Paris Hilton has repeatedly made her love of cryptocurrency known on social media, as has Floyd Mayweather. Leading up to the Mayweather, McGregor fight this summer, Mayweather, himself, was busy posting sponsored content on his social media accounts. Such posts largely consisted of the promotion of an Initial Coin Offering (“ICO”) – an unregulated means of crowdfunding via cryptocurrency that enables startups to bypass traditional financiers and raise money directly from anyone – for a startup called Hubii Network. Ads for the company, which describes itself as a “Blockchain-based Decentralised Content Marketplace,” appear on Mayweather’s Instagram, which boasts nearly 19 million followers.

The socialite/DJ and boxing champ are not alone in endorsing various ICOs. Actor Jamie Foxx has promoted the token sale of Cobinhood, a free cryptocurrency trading exchange, on Twitter this fall. He joins rapper The Game, DJ Khaled, Donald Glover, and Ashton Kutcher, among others, who have taken to posting such promotions in recent months. According to a recent report by The New York Times, thanks to such celebrity endorsements of token sales, often lead to ICOs that raise as much as hundreds of millions of dollars. 

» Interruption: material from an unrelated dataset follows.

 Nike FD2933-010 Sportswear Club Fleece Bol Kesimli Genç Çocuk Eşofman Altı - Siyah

Given such increased activity within this sphere, the U.S. Securities and Exchange Commission (“SEC”) is stepping in. The government organization – which us tasked with enforcing federal securities laws, proposing securities rules, and regulating the securities industry, the nation’s stock and options exchanges, and other activities and organizations, including the electronic securities markets in the U.S. – stated on Wednesday that such promotions may run afoul of federal securities laws in the U.S., unless the promoting parties disclose how and how much they were paid to make the endorsement.

[Note: That goes above and beyond what the Federal Trade Commission (“FTC”) requires for sponsored posts. The FTC merely requires that material connections between an advertising party and influencer or celebrity be disclosed by way of language, such as #Ad or #Sponsored. It does not require them to disclose the terms of their deals.]

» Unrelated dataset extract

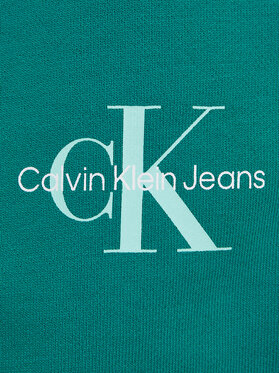 Calvin Klein Jeans Spodnji Del Trenirke Monogram Logo IU0IU00285 Zelena Regular Fit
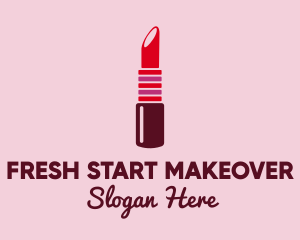 Bright Red Lipstick  logo design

The SEC said in a statement: “Celebrities and others are using social media networks to encourage the public to purchase stocks and other investments.  These endorsements may be unlawful if they do not disclose the nature, source, and amount of any compensation paid, directly or indirectly, by the company in exchange for the endorsement.”

The independent agency of the federal government further stated, “Any celebrity or other individual who promotes a virtual token or coin that is a security must disclose the nature, scope, and amount of compensation received in exchange for the promotion.  A failure to disclose this information is a violation of the anti-touting provisions of the federal securities laws.”

While such “celebrity endorsements may appear unbiased,” according to the SEC, they are more likely “part of a paid promotion.” The government entity warns, “Investment decisions should not be based solely on an endorsement by a promoter or other individual.  Celebrities who endorse an investment often do not have sufficient expertise to ensure that the investment is appropriate and in compliance with federal securities laws.”

This appears to be the beginning of what might turn out to be formal action on behalf of the SEC, which asserted on Wednesday that it “will continue to focus on these types of promotions to protect investors and to ensure compliance with the securities laws.”